Öz disiplin ve model olma zihniyeti.
Bir diğeri, olumlu iş ahlakı ve çalışkanlık.
Bir diğeri, hukuka saygı.
Diğeri, sağlıklı ve olumlu davranış.
Son olarak da, toplumun temel direği olan ve sosyalleşmede, insan yavrusunun sosyalleşmesinde ilk adımın atıldığı yerler olarak ailelerin yaşatılması ve güçlendirilmesi.
Şimdi, bunlara baktığımızda, özellikle kültürlerin hem üretilmesinde hem de yaygınlaştırılmasında, korunmasında bunların kullanılamamasının nasıl bir dezavantaj olduğunu da ben özellikle söylemek istiyorum.
Şimdi, bir insan eğer kendine güvenirse, kendine değer verir ise karşıdakine de verecektir. Temel değerlerin verilmesiyle? Özellikle sosyolojide "kuşaklar çatışması" dediğimiz bir kavram var ve bütün toplumlarda genel olarak eğer hem genç kuşağı hem de yaşlı kuşağı beslemediğinizde, temel değerlerle beslemediğinizde, hoşgörü değerleriyle beslemediğinizde bu çatışma alanı hâline geliyor. Buradan baktığımızda, her kuşağın kendine ait bir değeri var. Aslında işte öğretilmesi gereken? Diyelim ki Yunus'un sevgisinin öğretilmesi lazım, Mevlânâ'nın hoşgörüsünün öğretilmesi lazım ama bakıyoruz ki kuşaklar arasındaki çatışma ve bu değerleri, her bir kuşağın kendi değerinin yıkımına yönelik çatışmayı ortaya çıkartıyor. Bir genç kuşak yaşlı kuşağın ürettiği herhangi bir değere sahip çıkmıyor.
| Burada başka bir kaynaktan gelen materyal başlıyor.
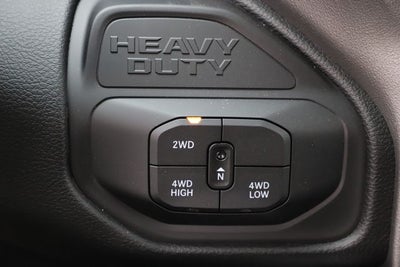 2026 RAM Ram 3500 RAM 3500 BIG HORN CREW CAB 4X4 8' BOX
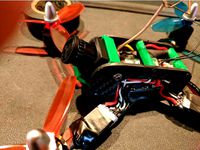 Air Arsenal Titan Runcam Owl mount by MindLube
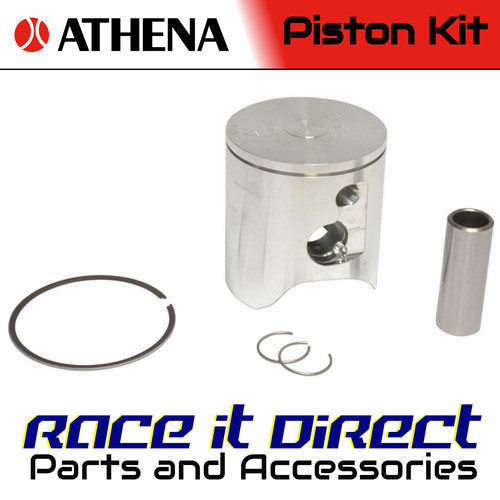 Pistone forgiato racing per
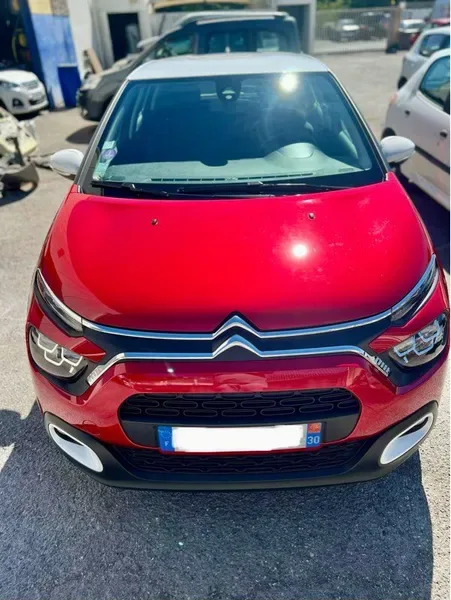 Citroën c3 1.2 - 83 ch shine – 9990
Annesinin, anneannesinin, bilmem, iki büyük annesinin ürettiği değeri kabul alanına almadığı için bunlar da ileride artık kaybedilen değerler olarak, muhafaza edilemeyen değerler olarak kayıp alanlarına ne yapıyorlar? Yerleşiyorlar.
Bir diğeri, yine aynı şekilde, bu kültürel değerler tam olarak oluşturulamadığı için özellikle gelişmiş ülkelerin bize hediyesi olan hızlı tüketim kültürünün, işte, fast food, özellikle hamburgerle anılan bir kültürün yaygınlaşması. Bu yaygınlaşma aynı zamanda hem sağlık problemlerini gündeme getirirken hem de bizim aynı zamanda yemek kültürümüzün ortadan kalkmasına zemin hazırlıyor. Burada da aslında bunları da bir kültürel değer olarak aldığımızda ne yapıyoruz? Bunu da net olarak görebiliyoruz.
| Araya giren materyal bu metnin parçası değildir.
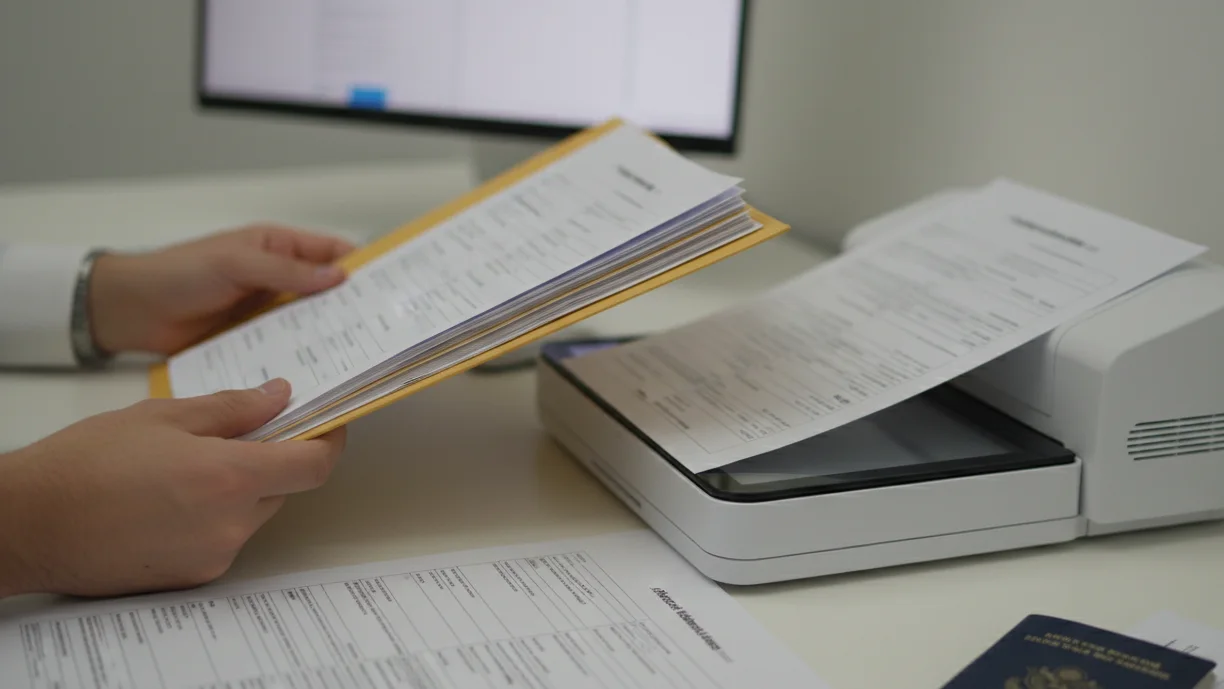 When A Screenshot Might Be Accepted (And When It’s Usually Rejected)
Bir diğeri, özellikle yazılmış eserler olarak, onların kullanılmasına yönelik olarak alıntıların yapılmasında birtakım neleri görebiliyoruz? Bilgi aktarmalarını, bilgi çalmalarını görebiliyoruz. Bu, aslında en önemli haklardan bir tanesi. Alıntılar yapılırken, özellikle tezlerde veya diğer şeylerde alıntılar yapılırken, bu alıntıların, gerçekten, o fikri üreten insanın izni alınmadan veya o fikri üreten insanın herhangi bir alıntısını, adını koymadan yaptığımız alıntılar var. Bunlar da, aslında, yine, işte, alınan-verilen eğitim sistemindeki eksikliklerden, böyle bir fikrî mülkiyetin çalınması durumlarını, hâlini ortaya koyuyor.
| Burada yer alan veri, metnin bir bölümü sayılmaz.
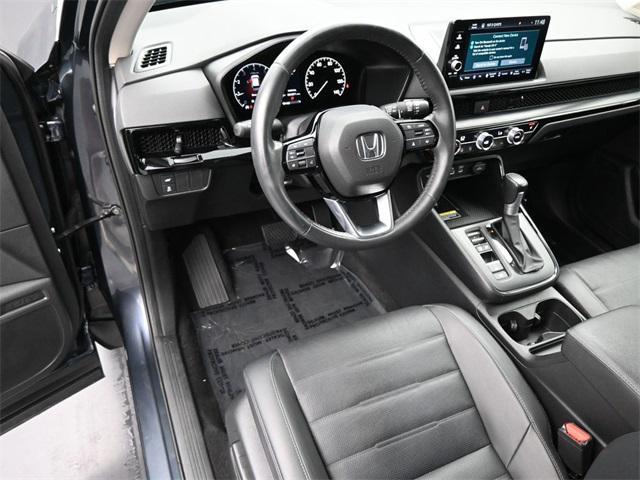 used 2024 Honda CR-V car, priced at $35,750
Bir diğeri, kütüphaneleri kullanan çocukların nasıl kullandığına baktığımızda -bunlara ben bizzat şahit oldum- öğrenciler kütüphaneye gittiğinde kitabı almaya eriniyor -tabii ki, gerçekten çok güzel kullanan öğrenciler var ama münferit de olsa bu olayların, bu örneklerin görülmesi insanları üzüyor- işine yarayan sayfayı kitabın arasından kopartıyor ve o sayfayı alıp çıkıyor. Kütüphanelere gittiğinizde, kitapları şöyle sayfalarıyla kontrol ettiğinizde bunu rahatlıkla görebilirsiniz. Yani bir kültürel esere yapılan bu davranışı hangi eylemle veya düşünceyle açıklayabilirsiniz?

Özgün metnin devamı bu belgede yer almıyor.